### SOURCE DATA
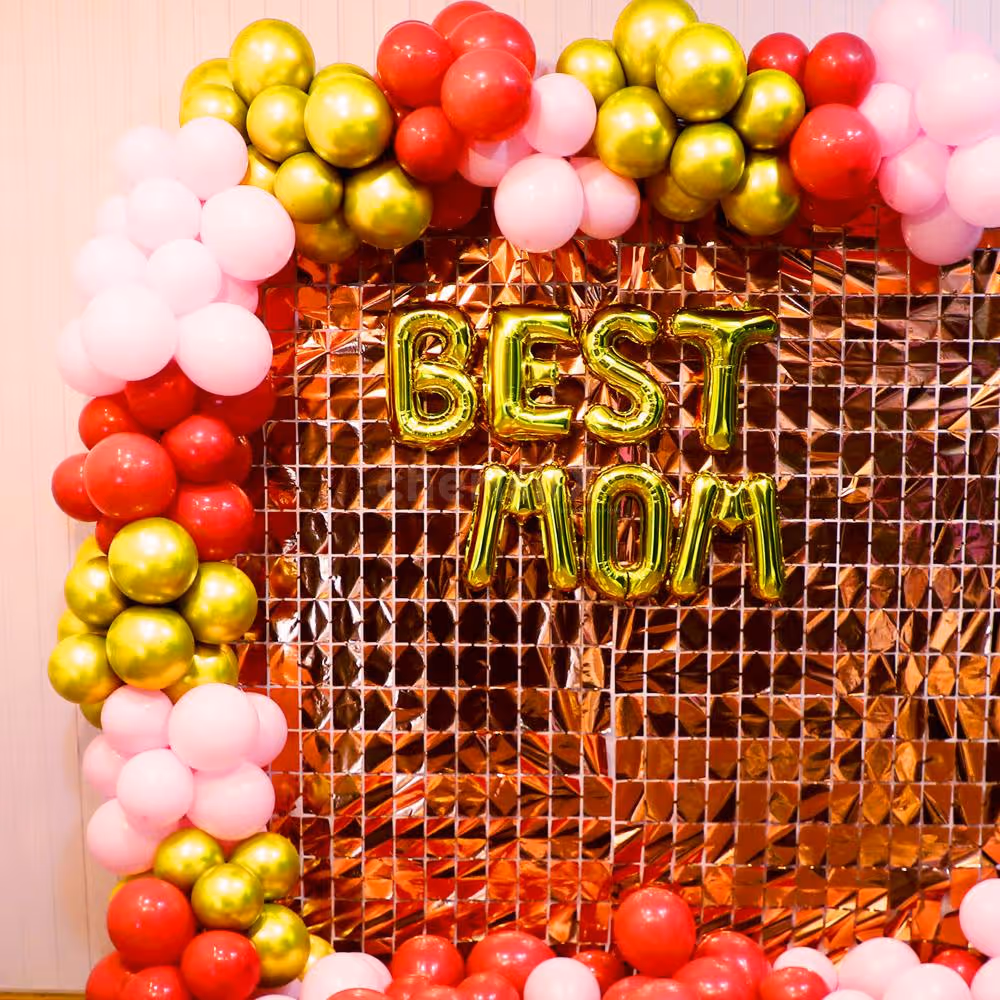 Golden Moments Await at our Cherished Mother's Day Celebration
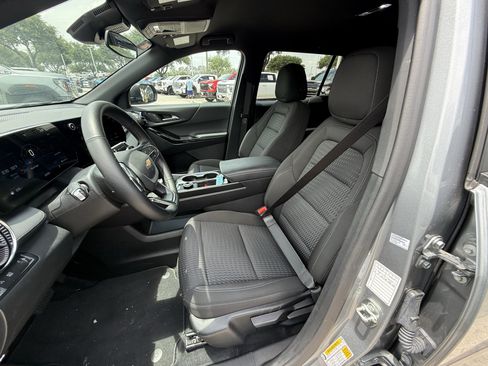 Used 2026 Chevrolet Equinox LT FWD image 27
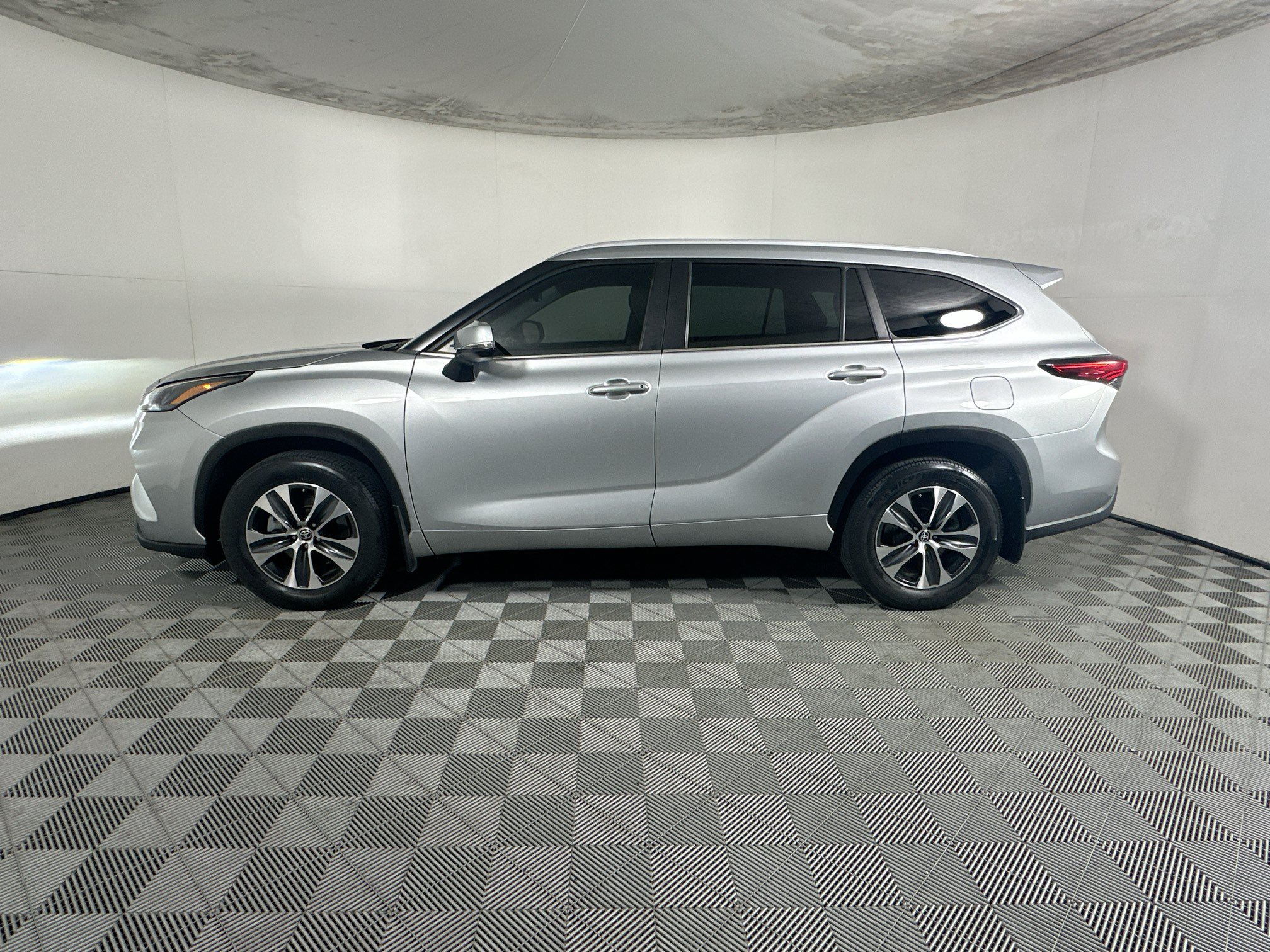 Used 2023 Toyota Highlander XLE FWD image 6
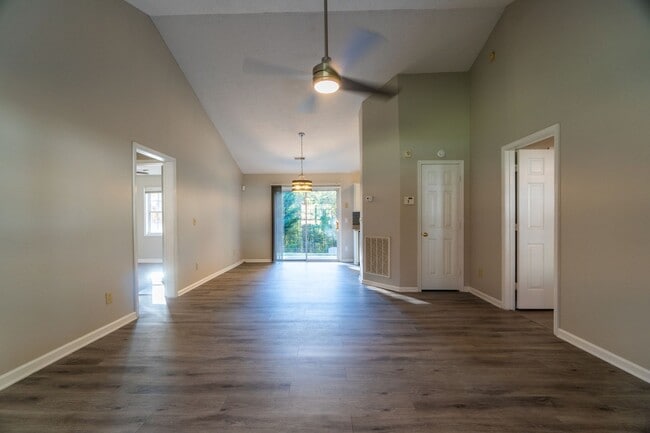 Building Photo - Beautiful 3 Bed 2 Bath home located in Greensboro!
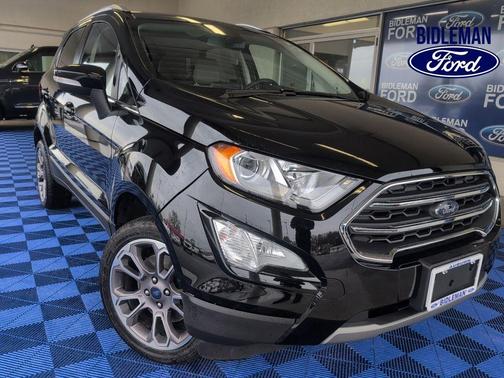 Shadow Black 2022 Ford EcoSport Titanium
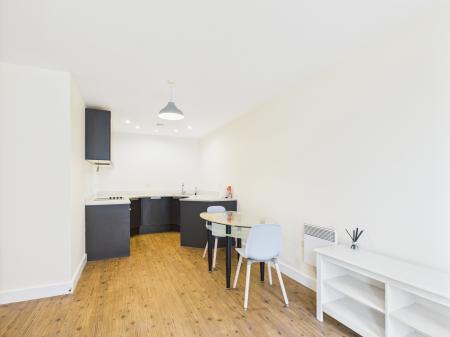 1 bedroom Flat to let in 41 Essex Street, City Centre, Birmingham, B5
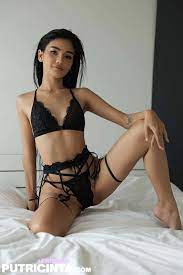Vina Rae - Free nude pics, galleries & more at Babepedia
######
▸ **TASK DIRECTIONS**
Pictures stay out; the entries above are to be output exactly as given.

▸ **COMPLETED EXERCISE**
 Golden Moments Await at our Cherished Mother's Day Celebration
 Used 2026 Chevrolet Equinox LT FWD image 27
 Used 2023 Toyota Highlander XLE FWD image 6
 Building Photo - Beautiful 3 Bed 2 Bath home located in Greensboro!
 Shadow Black 2022 Ford EcoSport Titanium
 1 bedroom Flat to let in 41 Essex Street, City Centre, Birmingham, B5
Vina Rae - Free nude pics, galleries & more at Babepedia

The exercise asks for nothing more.